Data shown:
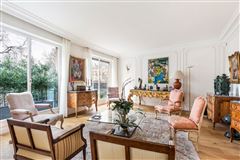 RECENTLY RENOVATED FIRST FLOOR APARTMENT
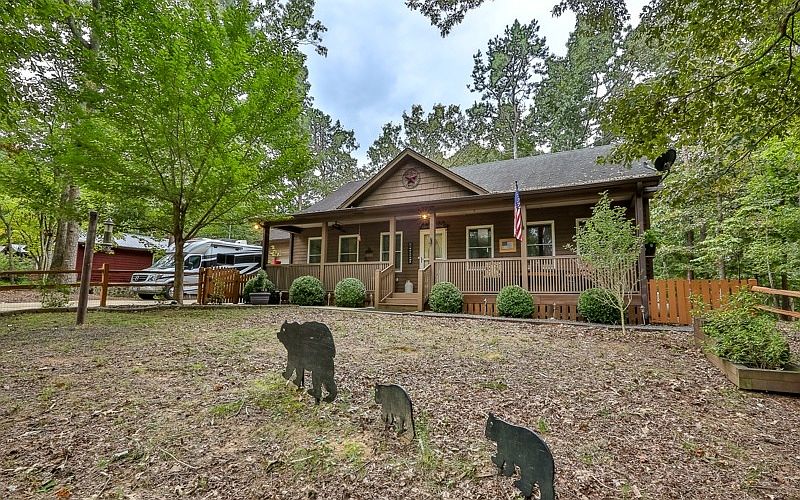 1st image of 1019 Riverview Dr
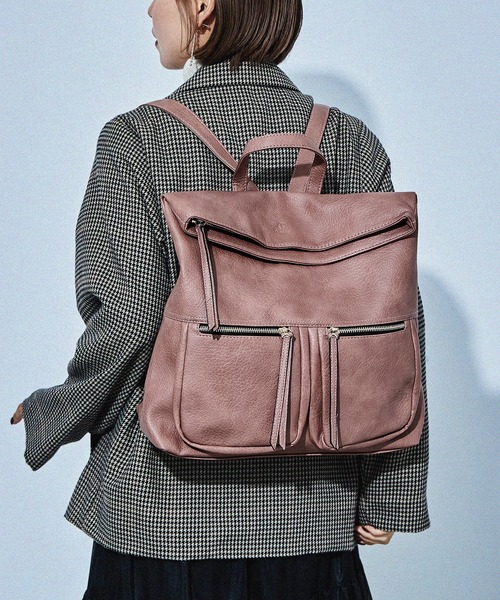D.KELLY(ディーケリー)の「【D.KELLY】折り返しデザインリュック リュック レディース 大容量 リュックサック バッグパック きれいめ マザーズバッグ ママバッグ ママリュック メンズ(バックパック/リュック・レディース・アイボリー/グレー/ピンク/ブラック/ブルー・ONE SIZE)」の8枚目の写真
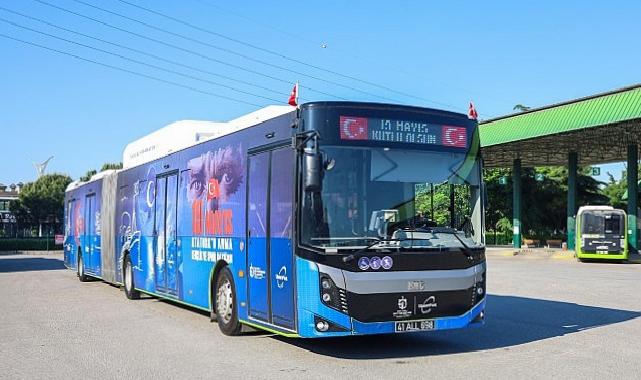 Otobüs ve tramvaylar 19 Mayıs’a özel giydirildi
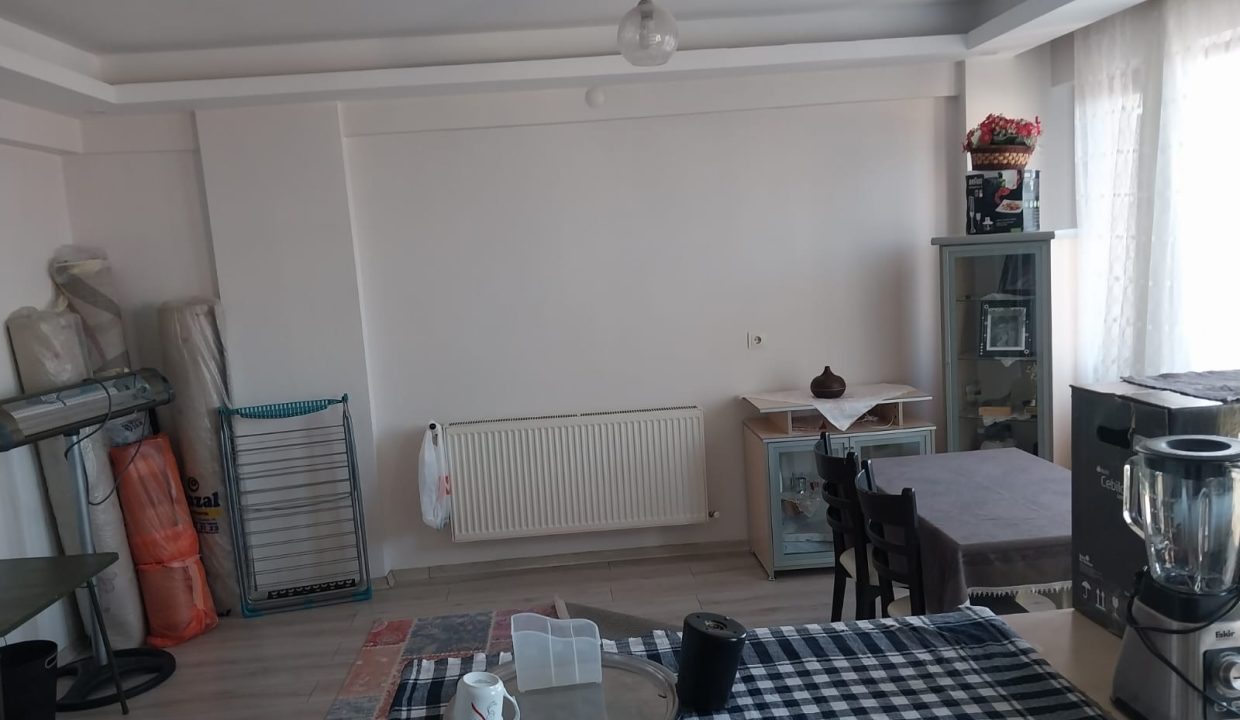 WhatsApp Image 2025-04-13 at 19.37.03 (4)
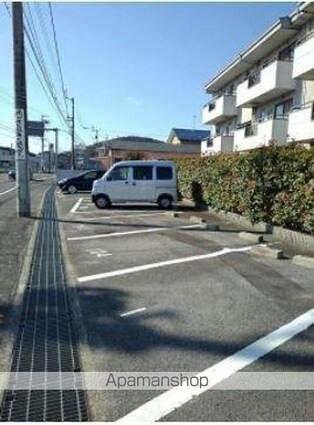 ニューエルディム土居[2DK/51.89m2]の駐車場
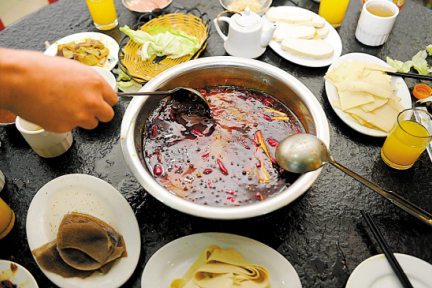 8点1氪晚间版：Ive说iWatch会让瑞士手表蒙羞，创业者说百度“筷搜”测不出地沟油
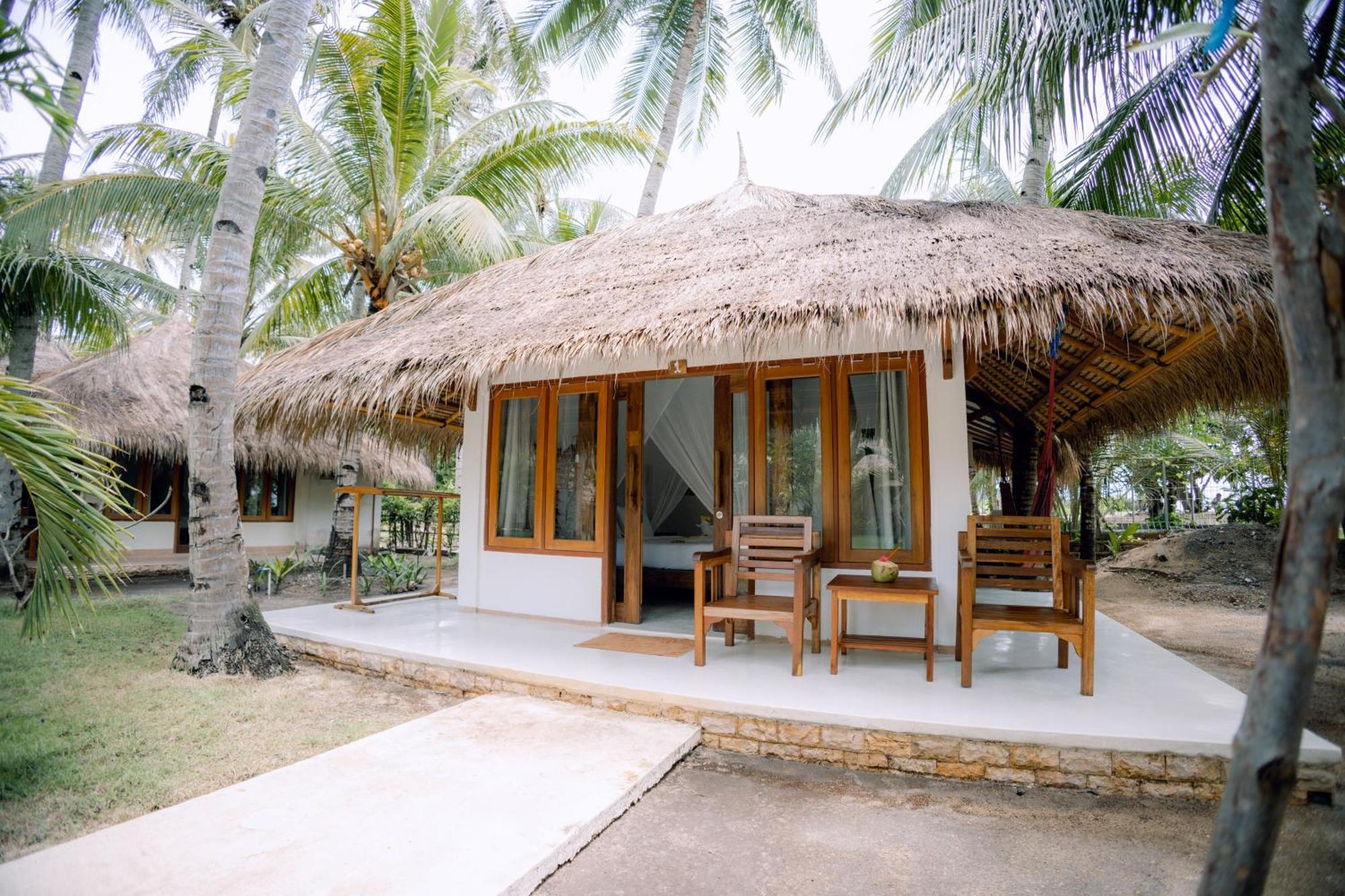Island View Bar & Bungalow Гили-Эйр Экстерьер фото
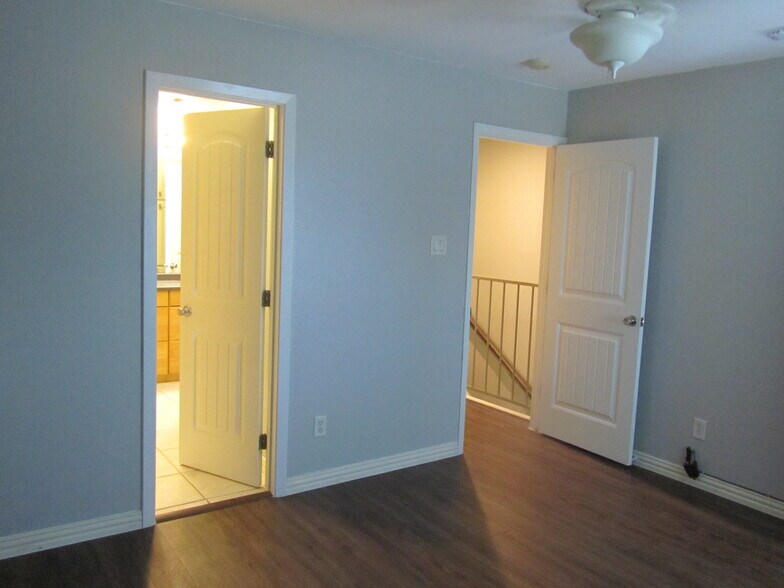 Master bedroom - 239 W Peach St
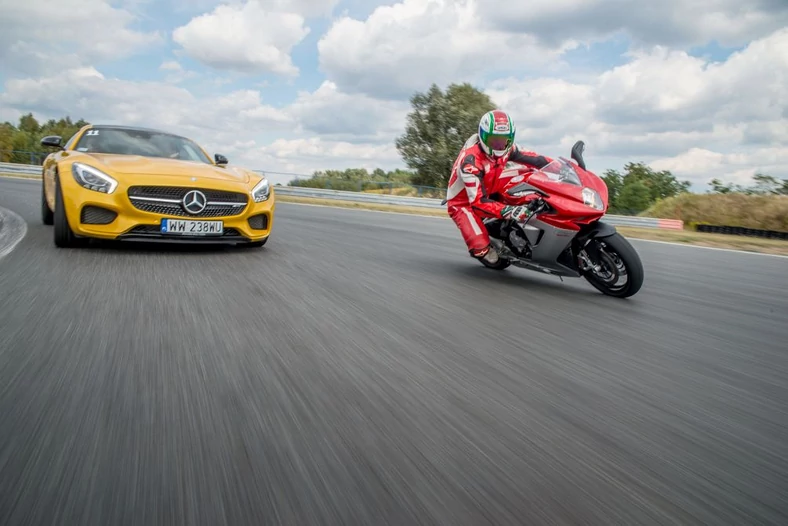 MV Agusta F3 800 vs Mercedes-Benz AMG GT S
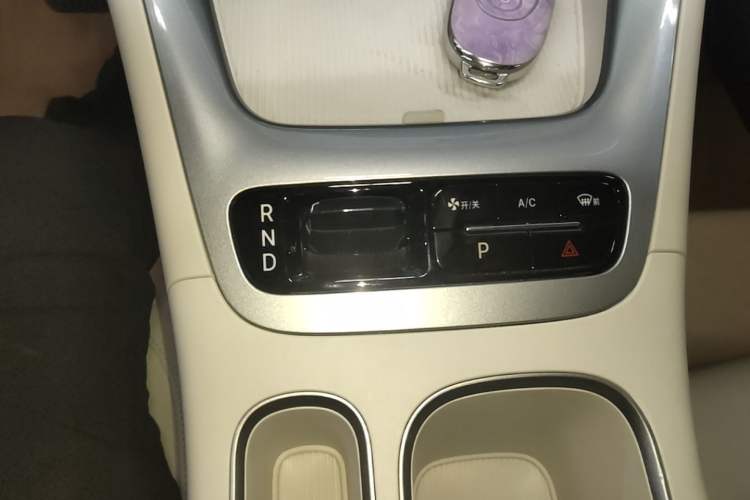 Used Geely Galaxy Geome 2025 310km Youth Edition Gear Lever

To do:
Every line from the one containing "1st image of 1019 Riverview Dr" through the last line of the records is to be reproduced exactly, with pictures left out and nothing else given.

Answer space:
 1st image of 1019 Riverview Dr
D.KELLY(ディーケリー)の「【D.KELLY】折り返しデザインリュック リュック レディース 大容量 リュックサック バッグパック きれいめ マザーズバッグ ママバッグ ママリュック メンズ(バックパック/リュック・レディース・アイボリー/グレー/ピンク/ブラック/ブルー・ONE SIZE)」の8枚目の写真
 Otobüs ve tramvaylar 19 Mayıs’a özel giydirildi
 WhatsApp Image 2025-04-13 at 19.37.03 (4)
 ニューエルディム土居[2DK/51.89m2]の駐車場
 8点1氪晚间版：Ive说iWatch会让瑞士手表蒙羞，创业者说百度“筷搜”测不出地沟油
Island View Bar & Bungalow Гили-Эйр Экстерьер фото
 Master bedroom - 239 W Peach St
 MV Agusta F3 800 vs Mercedes-Benz AMG GT S
 Used Geely Galaxy Geome 2025 310km Youth Edition Gear Lever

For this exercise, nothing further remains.